On 5 December 1943, 731 Naval Air Squadron was formed at RNAS East Haven (HMS Peewit), located approximately  east of Carnoustie and  south west of Arbroath, in Angus, Scotland, for the training of Deck Landing Control Officers (DLCOs).

The squadron joined with two other Naval Air Squadrons, 767 NAS, a DLT squadron and 769 NAS, a Torpedo, bomber and reconnaissance (TBR) DLT squadron. Together they formed the Deck Landing Training School at RNAS East Haven.

Training

731 NAS pilots, who were already qualified for carrier deck landing, operated a number of various Fleet Air Arm aircraft. Initially operating with Hawker Sea Hurricane and Fairey Swordfish aircraft, they flew continuous circuits and approaches to land on whichever runway was in use. This enabled the prospective DLCOs to direct their approach and familiarise themselves with the differing landing characteristics across the aircraft types operated within the Fleet Air Arm.

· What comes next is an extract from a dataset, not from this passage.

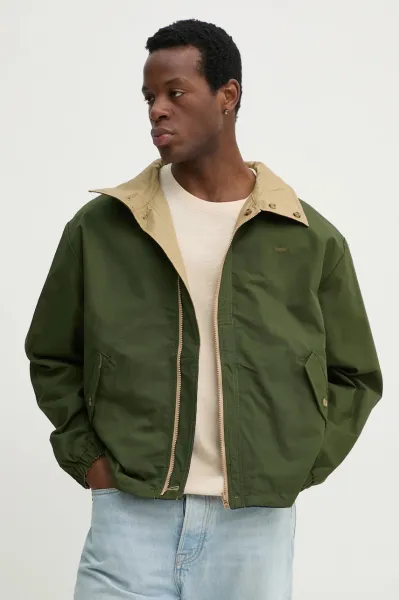 Bunda Levi's REX REV CANVAS JKT zelená farba, prechodná, 001HW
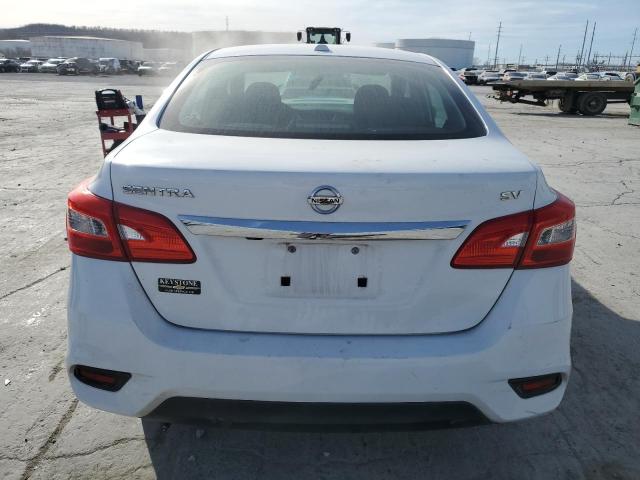 3N1AB7AP2KY325781 - 2019 NISSAN SENTRA S WHITE photo 6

The runway in use was known as the 'Dummy Deck', the trainee DLCOs were known as 'Batsmen' and the repetitive work earned them the nickname 'Clockwork Mice'. A Dummy Carrier Island was introduced, in an attempt to create authenticity, in the form of a converted 1930s Albion bus and given the nickname 'H.M.S. Spurious'.

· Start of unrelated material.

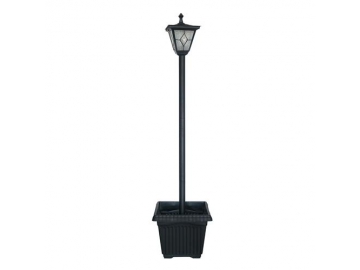 Cast Aluminum Post Planter Solar Powered LED Light, ST4220SSHP LED Light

Trainee DLCOs used high visibility paddles during the day and illuminated paddles at night. The paddles were similar to tennis rackets or 'bats', hence the DLCOs being referred to as 'bats'.

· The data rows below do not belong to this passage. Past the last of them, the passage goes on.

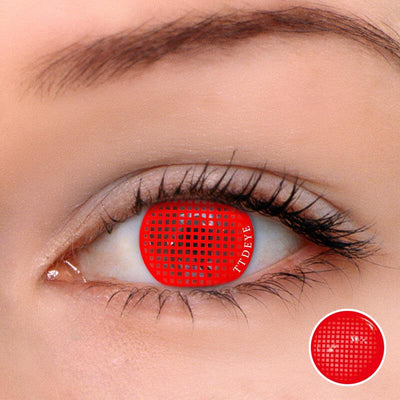 TTDeye Screen Red Colored Contact Lenses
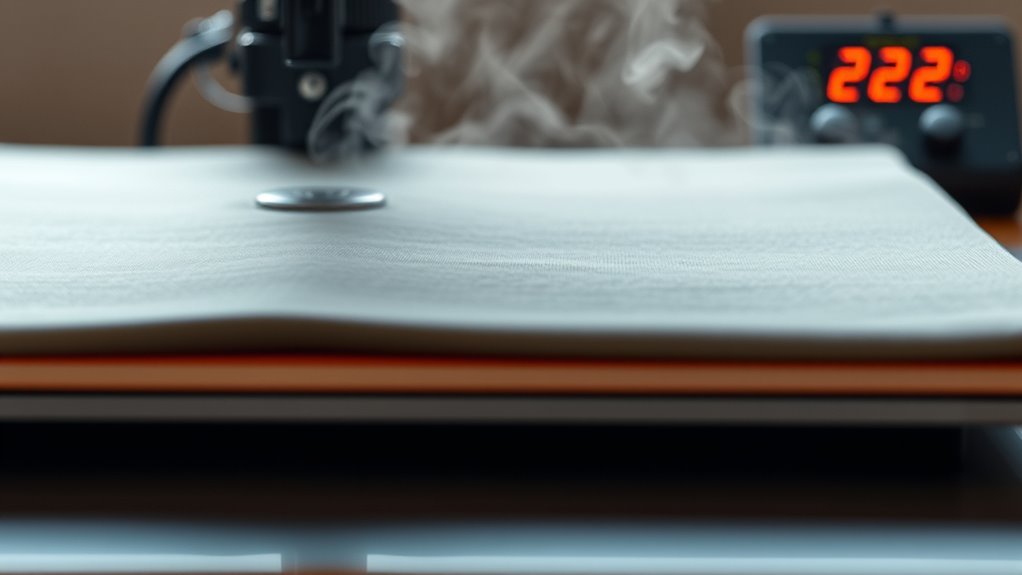 optimal heat press settings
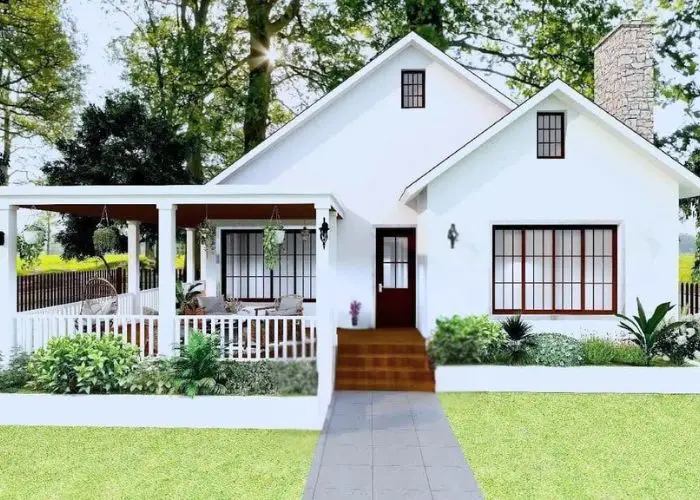 featured 14 Adorable Tiny White Cottage Ideas for Cozy Living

The DLCO trainees had to learn the different signals used to communicate with the pilot during an intensive three week training course. Signals were given until the aircraft was committed to land, however, if the approach was deemed unsafe the trainee would 'wave him off', to go around for another approach.

Training in aircraft carrier flight deck activities and incidents was provided through the Aircraft Handling and Fire Fighting schools, both located at East Haven. Curriculum included aircraft parking and taxi after landing, simulated ready for take off manuevering, the spreading and folding of wings and fire fighting.

The training course ended with the trainees operating on an actual aircraft carriers. A number of escort aircraft carriers were assigned as Deck Landing Training (DLT) Carriers. Carriers on DLT duty included:
the Attacker-class escort carrier, HMS Ravager (D70) (January 1944)
the Ruler-class escort carrier, HMS Khedive (D62) (June 1944)
the Ruler-class escort carrier, HMS Rajah (D10) (August 1944)
the Ruler-class escort carrier, HMS Ranee (D03) (November 1944)
the Ruler-class escort carrier, HMS Speaker (D90) (November 1944)
the Ruler-class escort carrier, HMS Smiter (D55) (January - May - April 1945)
the Attacker-class escort carrier, HMS Battler (D18) (July – September 1945).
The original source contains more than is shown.